**Exercise prompt**
Without the pictures, print the lines from the one holding "Moms enjoying making fun with their kids Moms" through the last line below, both included, exactly as they stand.

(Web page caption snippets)
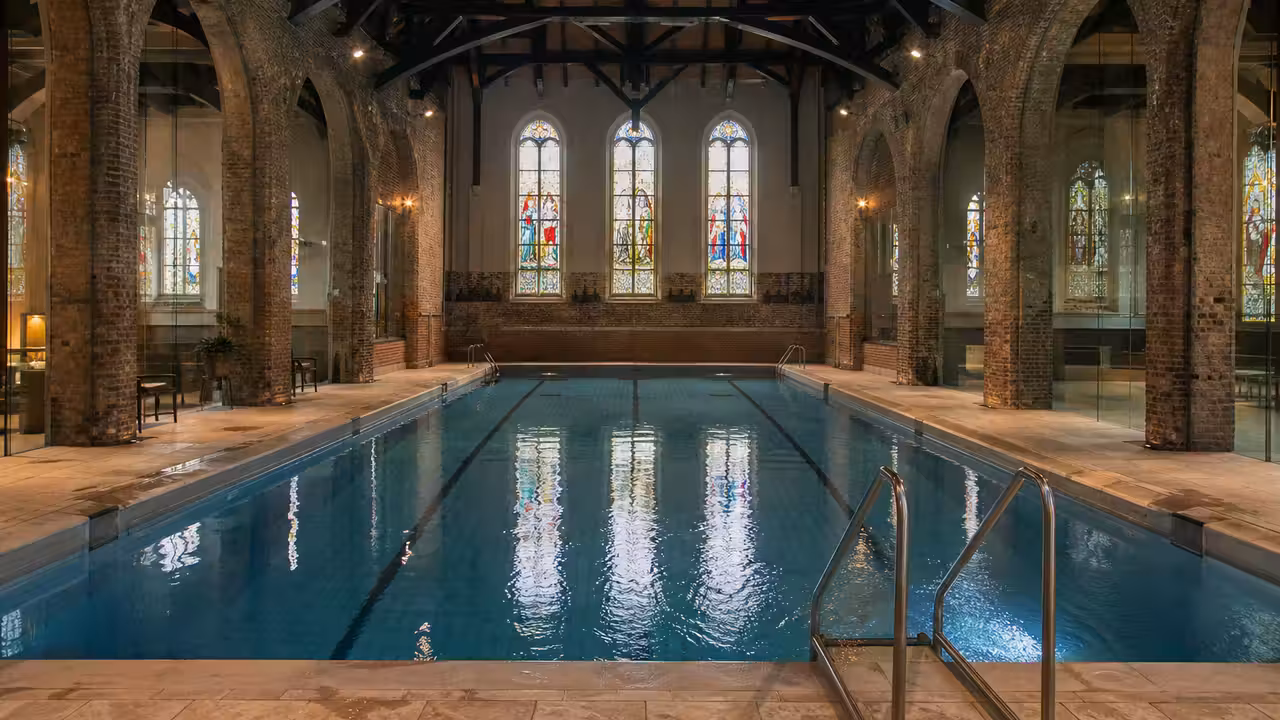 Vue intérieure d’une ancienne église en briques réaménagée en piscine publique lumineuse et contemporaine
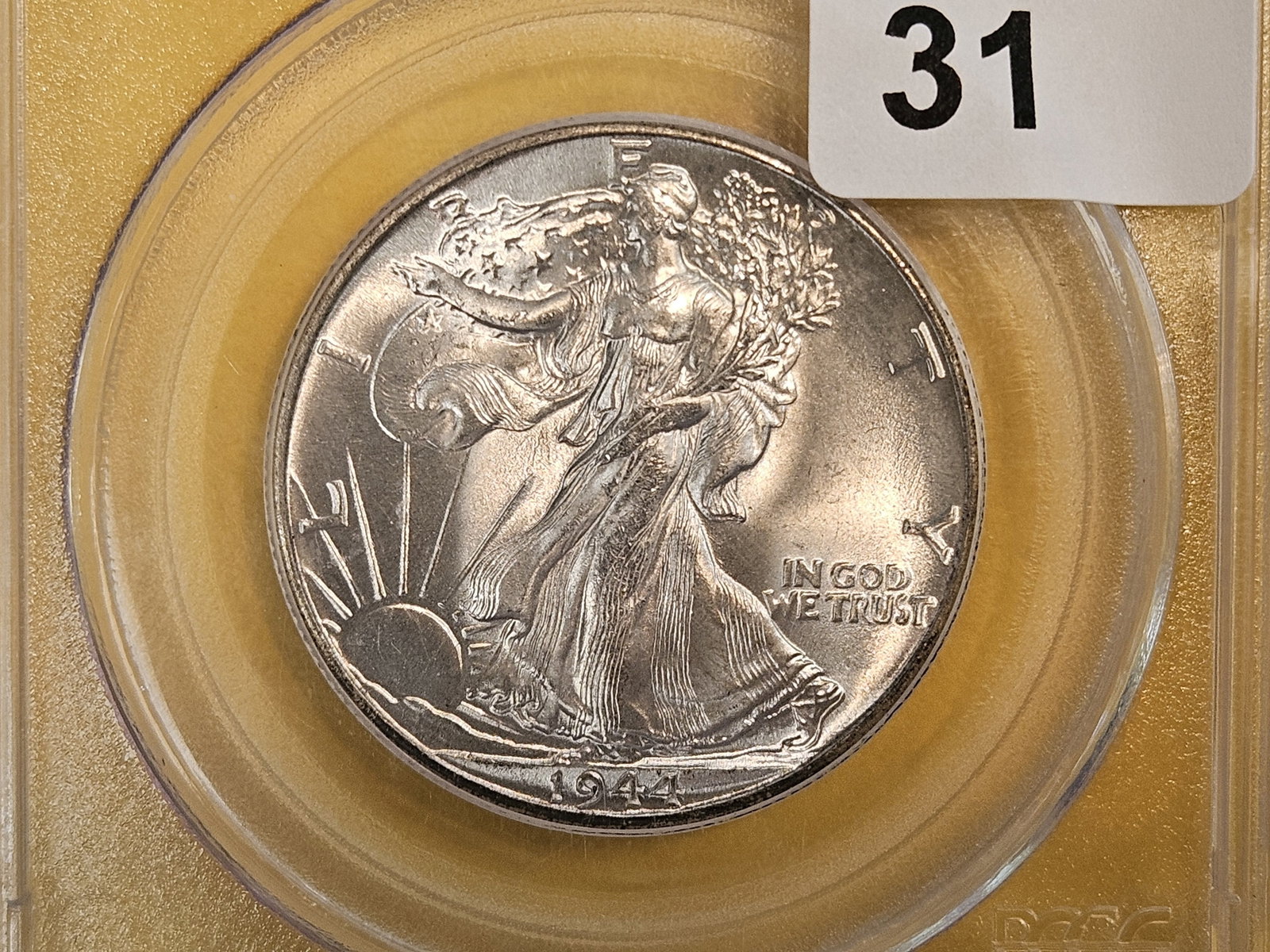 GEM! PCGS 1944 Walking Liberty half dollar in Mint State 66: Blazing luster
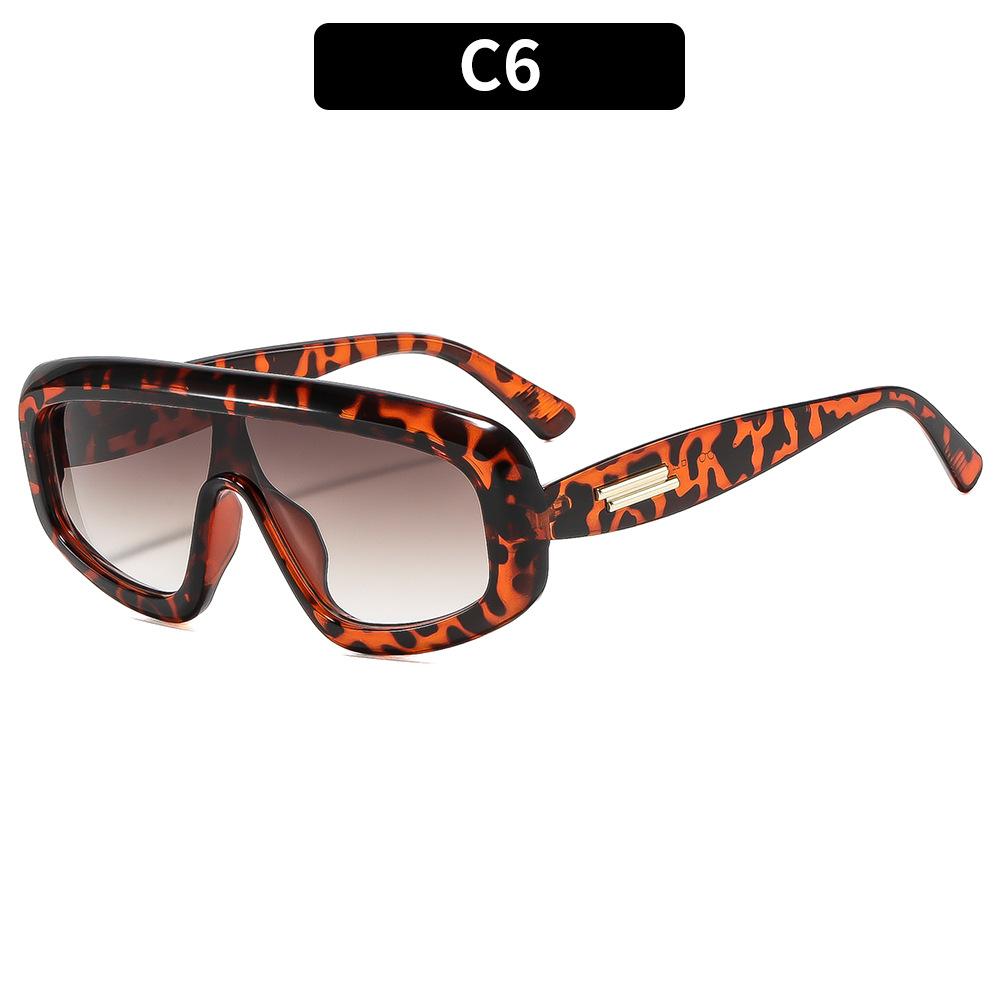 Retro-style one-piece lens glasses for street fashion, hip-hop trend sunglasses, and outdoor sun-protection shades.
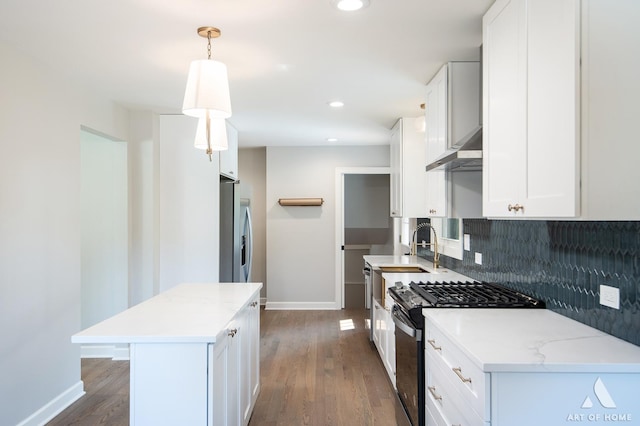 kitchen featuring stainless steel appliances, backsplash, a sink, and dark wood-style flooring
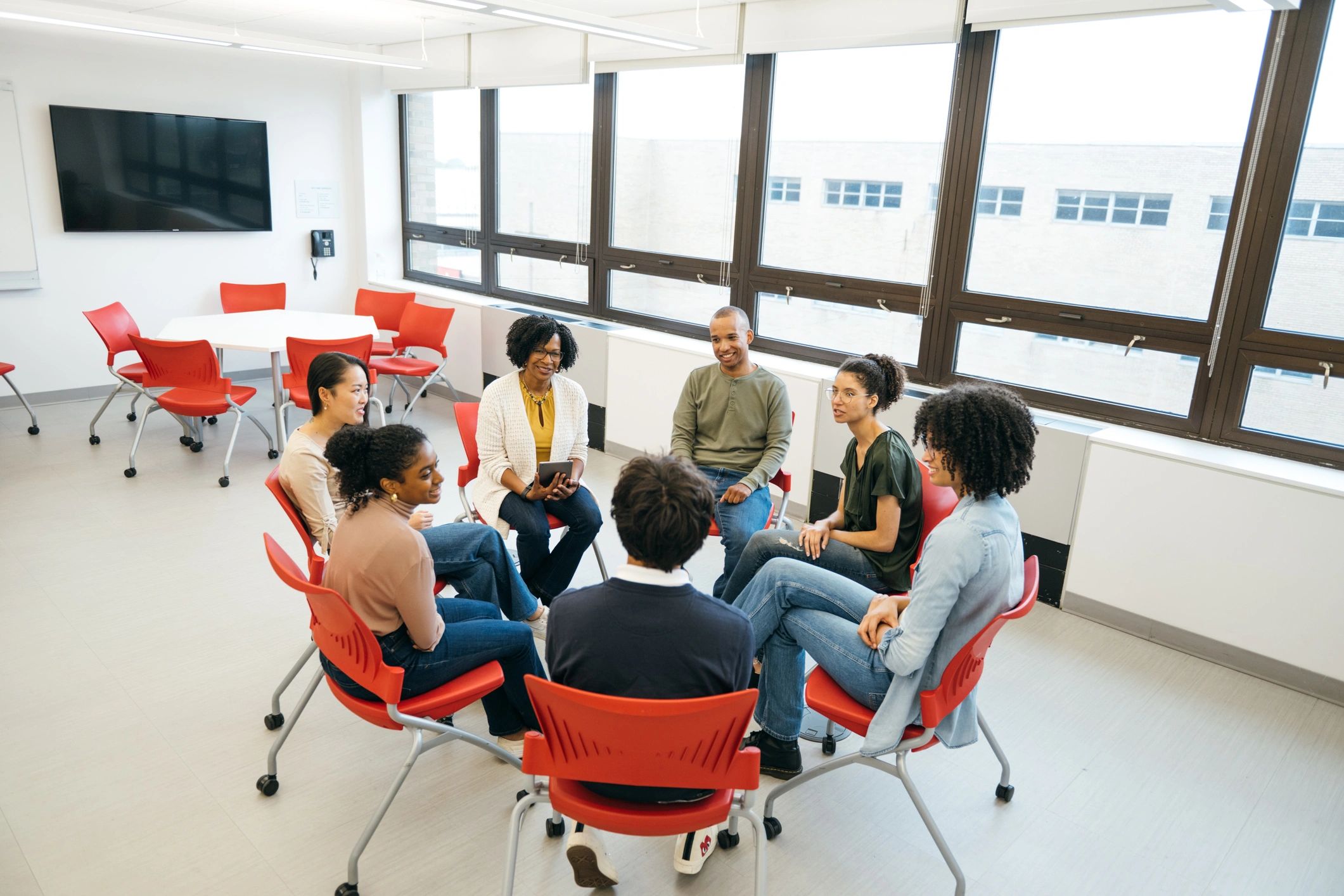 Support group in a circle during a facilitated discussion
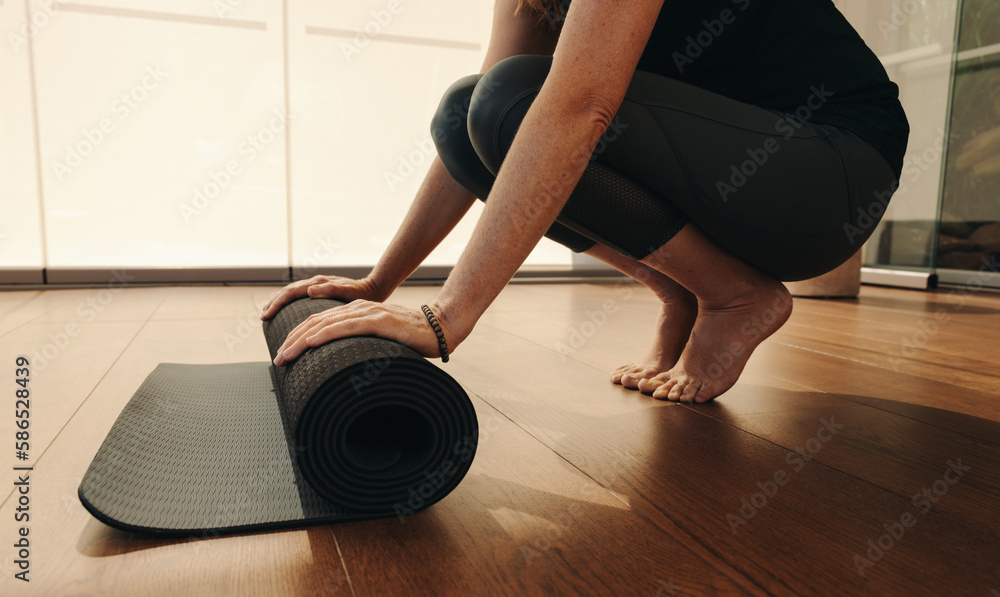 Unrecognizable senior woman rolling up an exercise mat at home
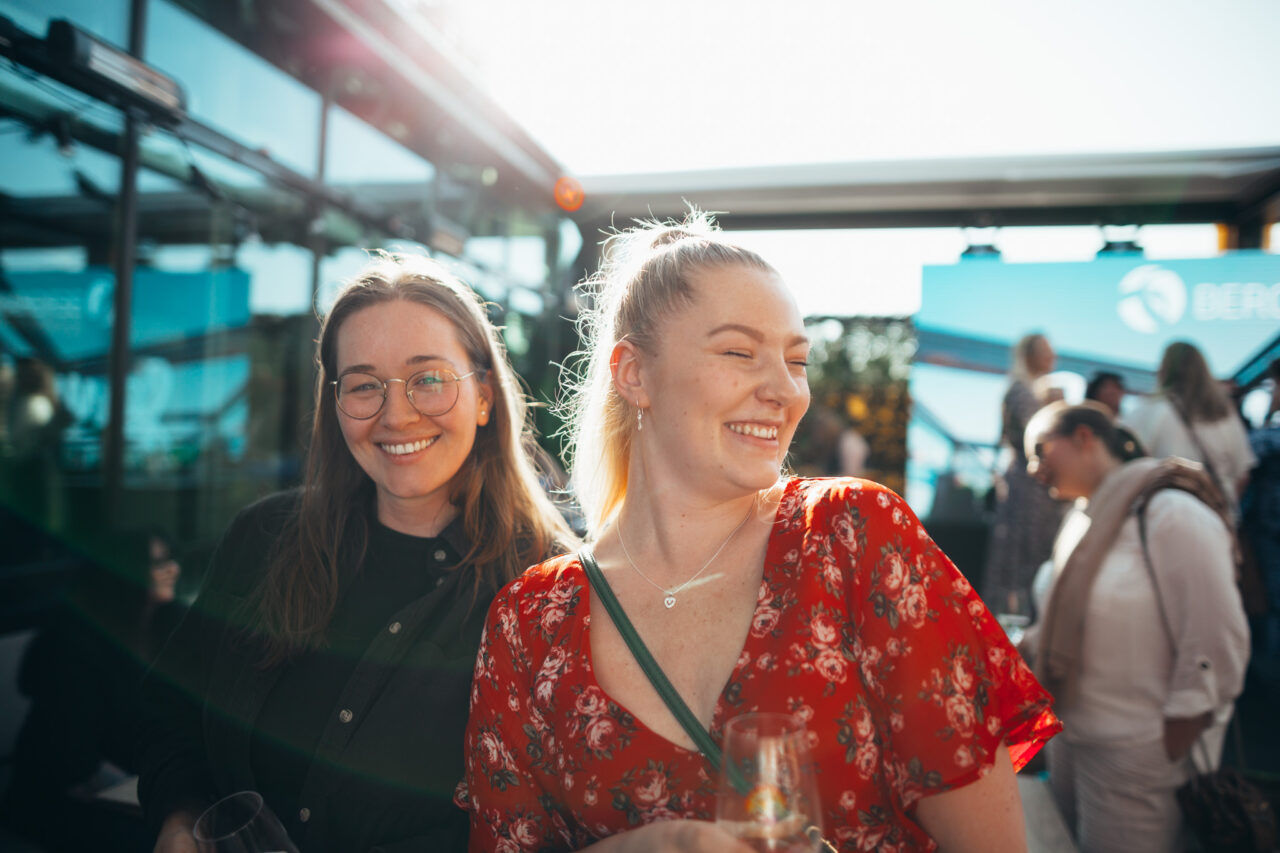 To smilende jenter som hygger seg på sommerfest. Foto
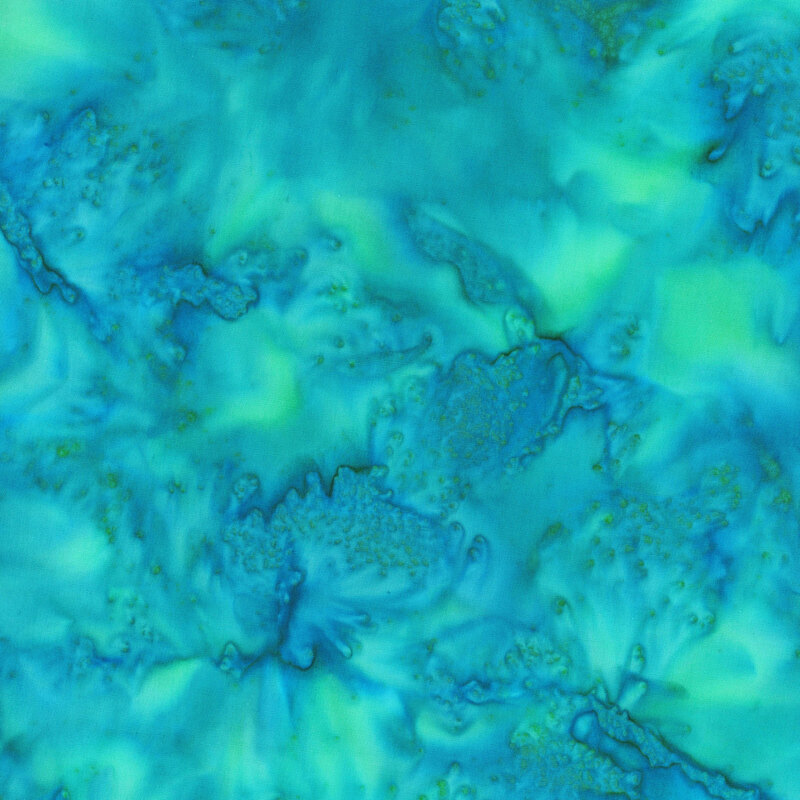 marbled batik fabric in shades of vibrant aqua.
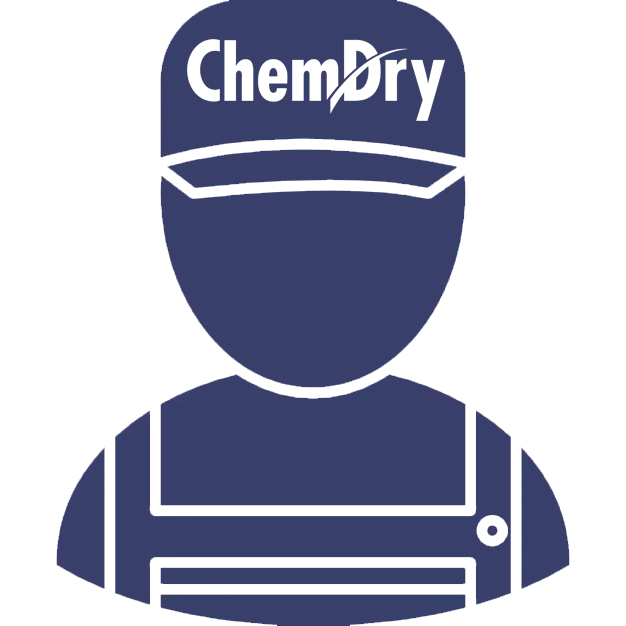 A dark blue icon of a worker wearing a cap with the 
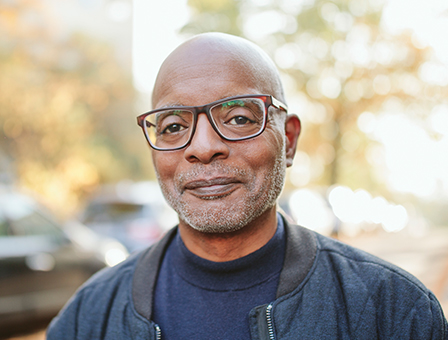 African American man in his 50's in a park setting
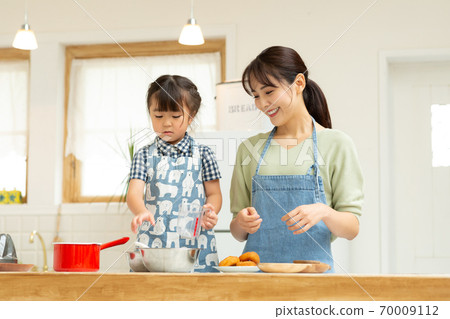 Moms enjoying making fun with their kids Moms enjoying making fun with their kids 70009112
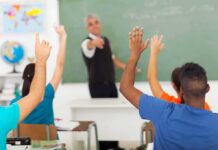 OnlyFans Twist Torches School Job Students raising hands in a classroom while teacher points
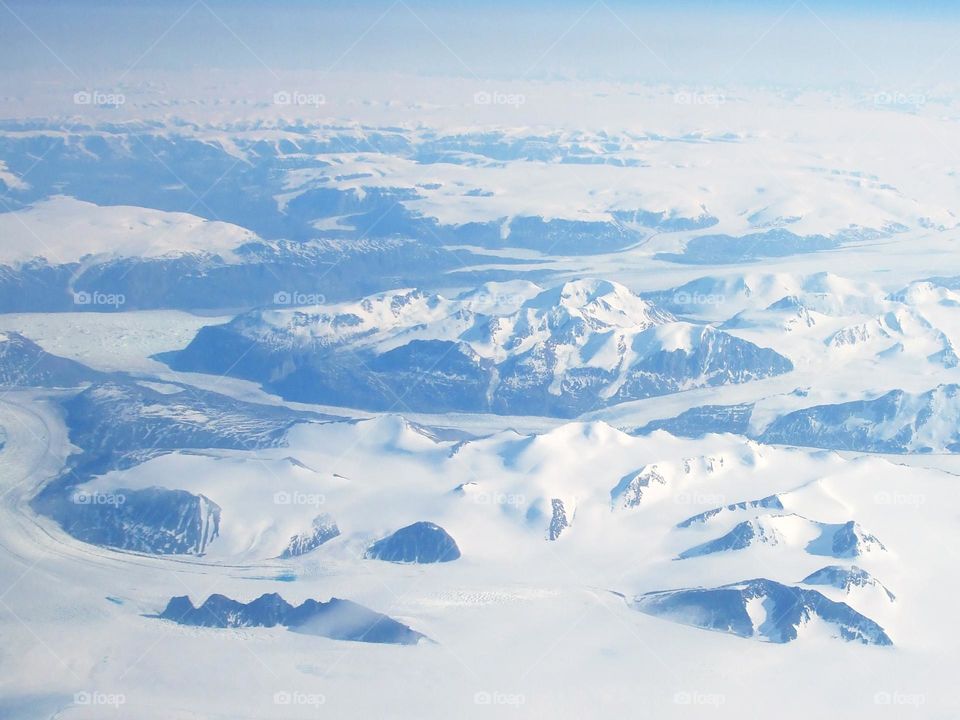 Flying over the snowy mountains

**Completed exercise**
 Moms enjoying making fun with their kids Moms enjoying making fun with their kids 70009112
 OnlyFans Twist Torches School Job Students raising hands in a classroom while teacher points
 Flying over the snowy mountains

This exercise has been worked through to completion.